How EQIP Reimbursement Works

EQIP is a reimbursement program administered by NRCS. The government does not pay your contractor or advance money before work begins. The process is more involved than most landowners expect, and understanding it before you sign a contract protects you from a denied claim or a practice that fails inspection.

This Is Not a Grant

You pay your contractor when the work is done. Then you submit documentation, an NRCS representative inspects the completed work, and if it passes, your payment is processed. If the work does not meet NRCS technical standards, the payment can be reduced or denied regardless of how good the project looks.

NRCS writes the practice plan, not you. Before any approval, an NRCS engineer or technician conducts a site visit and develops a Conservation Plan. This plan specifies exactly what practice is approved, to what technical standard, and at what payment rate. You do not write your own specification. The NRCS plan governs what your contractor must build. Bring your contractor into the process early so they understand what the spec requires before they bid the job.

A signed contract must precede any work. The EQIP contract locks in the approved practices, the technical specifications, and the NRCS payment rate. Work started before a signed contract is ineligible for reimbursement. This is a hard rule with no exceptions.

The work must follow NRCS technical practice standards exactly. NRCS publishes engineering standards for every funded practice, from pond construction to grassed waterways to grade stabilization structures. A pond built to different dimensions than the NRCS design, or a waterway seeded with a non-approved mix, fails inspection even if it functions perfectly. There is no "close enough" in an NRCS field certification.

Your payment rate is fixed at contract signing. If material or contractor costs rise after you sign, you absorb the entire difference. What NRCS will pay does not change because the market moved. Get current contractor bids and confirmed material pricing before signing, not after.

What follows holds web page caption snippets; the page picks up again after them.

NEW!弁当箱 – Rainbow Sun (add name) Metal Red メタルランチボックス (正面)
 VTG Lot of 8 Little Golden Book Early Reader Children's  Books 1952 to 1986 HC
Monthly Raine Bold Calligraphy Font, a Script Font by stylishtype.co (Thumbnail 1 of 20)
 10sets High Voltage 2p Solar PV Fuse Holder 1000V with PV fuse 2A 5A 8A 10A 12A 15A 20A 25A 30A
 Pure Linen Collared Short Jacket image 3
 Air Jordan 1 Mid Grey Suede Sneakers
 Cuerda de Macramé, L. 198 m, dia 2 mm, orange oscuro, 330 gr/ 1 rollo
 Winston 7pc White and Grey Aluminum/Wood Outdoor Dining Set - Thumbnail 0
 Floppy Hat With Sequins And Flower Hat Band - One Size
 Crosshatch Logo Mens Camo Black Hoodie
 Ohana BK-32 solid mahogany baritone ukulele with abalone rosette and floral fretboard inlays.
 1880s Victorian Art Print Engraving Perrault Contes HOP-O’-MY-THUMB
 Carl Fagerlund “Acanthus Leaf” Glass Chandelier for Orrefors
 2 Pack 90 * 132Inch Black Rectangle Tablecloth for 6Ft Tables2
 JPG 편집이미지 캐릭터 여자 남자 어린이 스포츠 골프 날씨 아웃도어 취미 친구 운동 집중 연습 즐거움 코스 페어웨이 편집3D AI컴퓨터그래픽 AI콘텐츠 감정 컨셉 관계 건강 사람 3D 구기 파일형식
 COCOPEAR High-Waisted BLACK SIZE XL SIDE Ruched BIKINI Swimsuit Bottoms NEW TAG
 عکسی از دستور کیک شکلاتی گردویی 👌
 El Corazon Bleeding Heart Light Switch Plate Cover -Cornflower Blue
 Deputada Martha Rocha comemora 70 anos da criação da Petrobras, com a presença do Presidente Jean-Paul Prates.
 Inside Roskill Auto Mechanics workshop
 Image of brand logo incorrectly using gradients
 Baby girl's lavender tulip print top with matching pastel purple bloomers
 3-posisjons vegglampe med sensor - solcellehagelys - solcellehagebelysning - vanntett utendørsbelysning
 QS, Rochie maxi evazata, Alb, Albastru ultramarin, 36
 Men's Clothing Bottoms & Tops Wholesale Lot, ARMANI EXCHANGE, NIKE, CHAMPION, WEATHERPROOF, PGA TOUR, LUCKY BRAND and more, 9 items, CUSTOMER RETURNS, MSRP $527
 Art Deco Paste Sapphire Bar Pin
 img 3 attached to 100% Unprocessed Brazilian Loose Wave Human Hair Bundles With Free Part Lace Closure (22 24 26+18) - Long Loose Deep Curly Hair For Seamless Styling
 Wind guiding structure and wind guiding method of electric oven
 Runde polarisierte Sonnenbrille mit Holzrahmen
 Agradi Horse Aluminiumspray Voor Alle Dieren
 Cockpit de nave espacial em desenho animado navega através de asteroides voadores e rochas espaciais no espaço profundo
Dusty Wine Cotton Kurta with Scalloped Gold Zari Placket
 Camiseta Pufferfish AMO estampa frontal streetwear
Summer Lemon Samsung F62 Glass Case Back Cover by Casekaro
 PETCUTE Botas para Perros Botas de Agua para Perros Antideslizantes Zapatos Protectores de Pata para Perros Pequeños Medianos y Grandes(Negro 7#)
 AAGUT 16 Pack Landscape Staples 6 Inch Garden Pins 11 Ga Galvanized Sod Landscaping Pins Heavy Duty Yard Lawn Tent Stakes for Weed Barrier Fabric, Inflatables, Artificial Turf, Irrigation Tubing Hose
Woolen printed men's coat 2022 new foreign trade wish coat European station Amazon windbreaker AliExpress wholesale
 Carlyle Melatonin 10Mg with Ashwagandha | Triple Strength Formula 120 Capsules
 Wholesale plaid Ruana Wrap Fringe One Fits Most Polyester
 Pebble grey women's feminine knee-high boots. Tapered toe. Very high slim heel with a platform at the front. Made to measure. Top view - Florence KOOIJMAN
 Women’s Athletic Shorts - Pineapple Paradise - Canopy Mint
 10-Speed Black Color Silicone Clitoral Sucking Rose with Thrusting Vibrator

Inspection happens before any money is released. After completion, you submit itemized invoices, material receipts, and proof of payment. An NRCS representative inspects the finished practice against the approved plan and technical standard. If it passes, NRCS certifies the practice and processes your payment. We build to NRCS specifications on every job and provide the documentation your field office needs for a clean certification.